■ Your objective ■
Pictures are to be left out, but please repeat each record exactly.

■ Input material ■

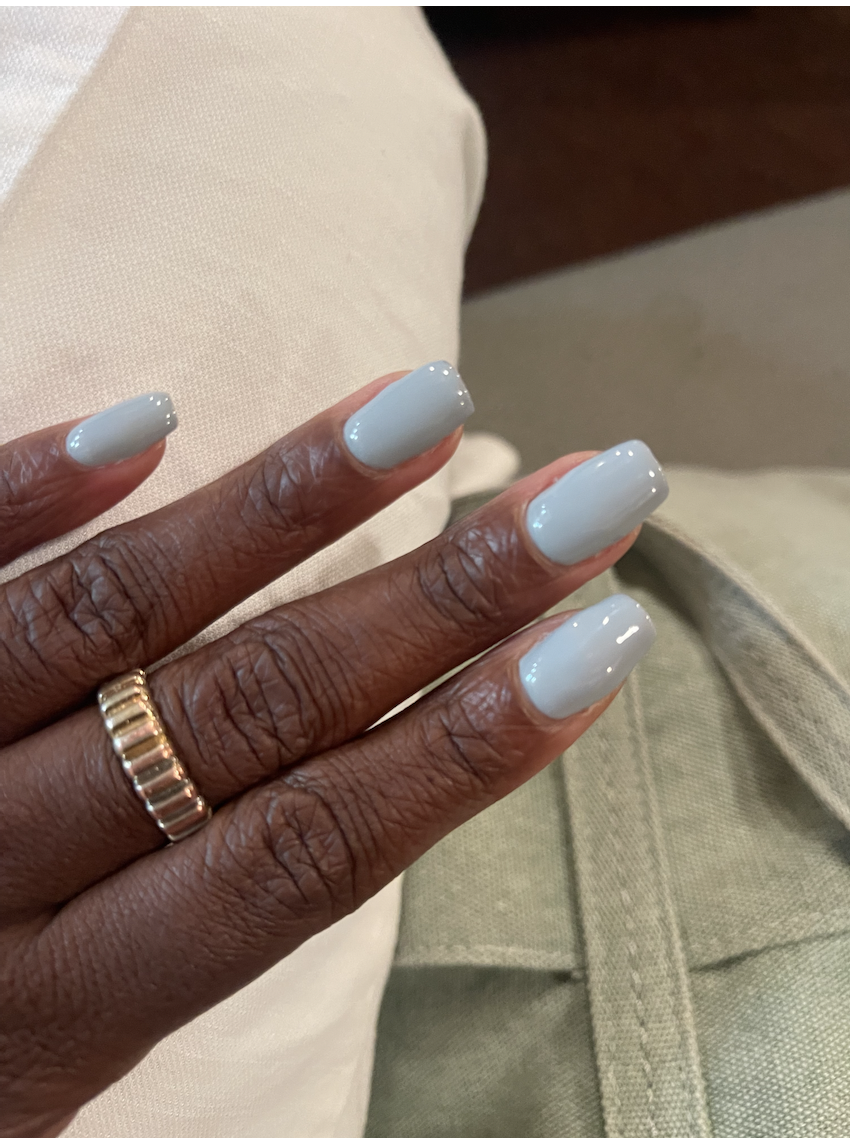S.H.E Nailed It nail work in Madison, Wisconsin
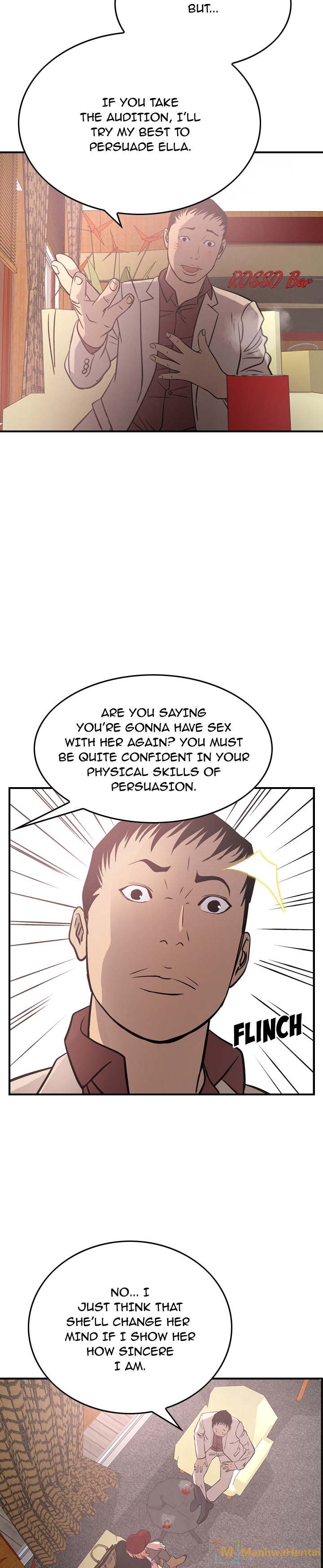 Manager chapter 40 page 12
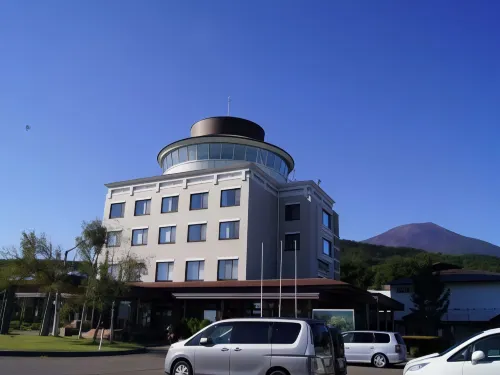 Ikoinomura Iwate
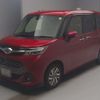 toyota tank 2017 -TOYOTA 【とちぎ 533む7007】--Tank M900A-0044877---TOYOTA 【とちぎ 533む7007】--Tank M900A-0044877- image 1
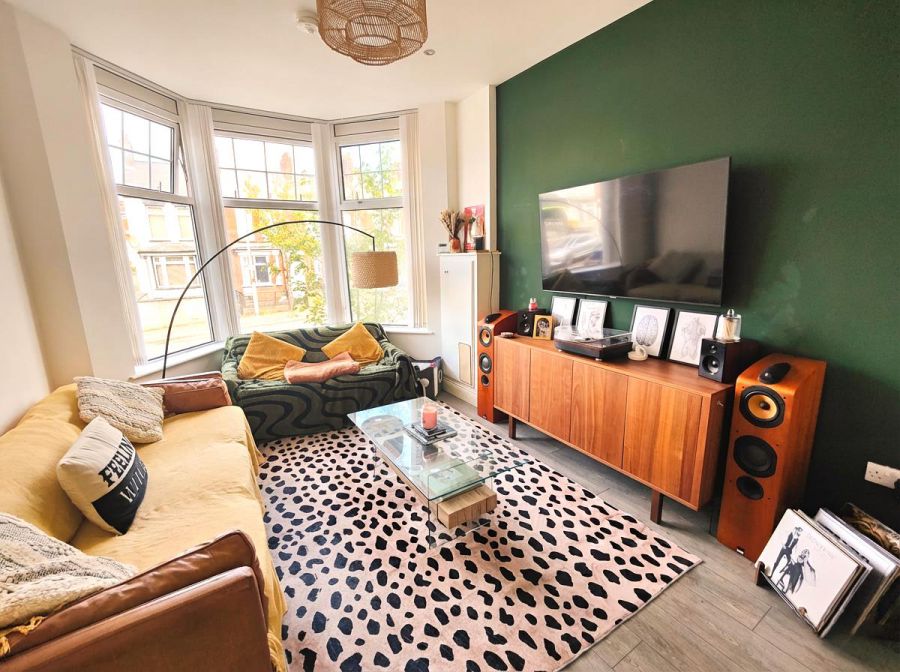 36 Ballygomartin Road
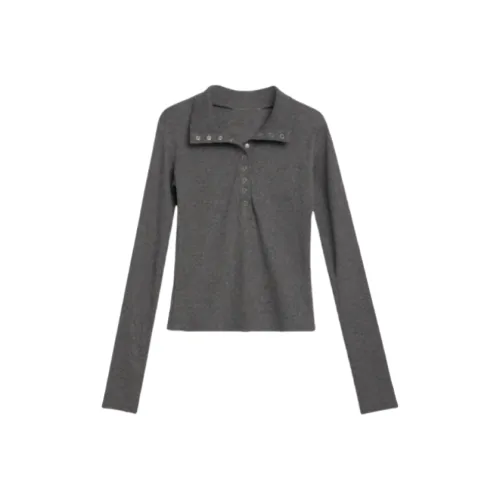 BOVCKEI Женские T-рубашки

■ Finished exercise ■
S.H.E Nailed It nail work in Madison, Wisconsin
 Manager chapter 40 page 12
 Ikoinomura Iwate
 toyota tank 2017 -TOYOTA 【とちぎ 533む7007】--Tank M900A-0044877---TOYOTA 【とちぎ 533む7007】--Tank M900A-0044877- image 1
 36 Ballygomartin Road
 BOVCKEI Женские T-рубашки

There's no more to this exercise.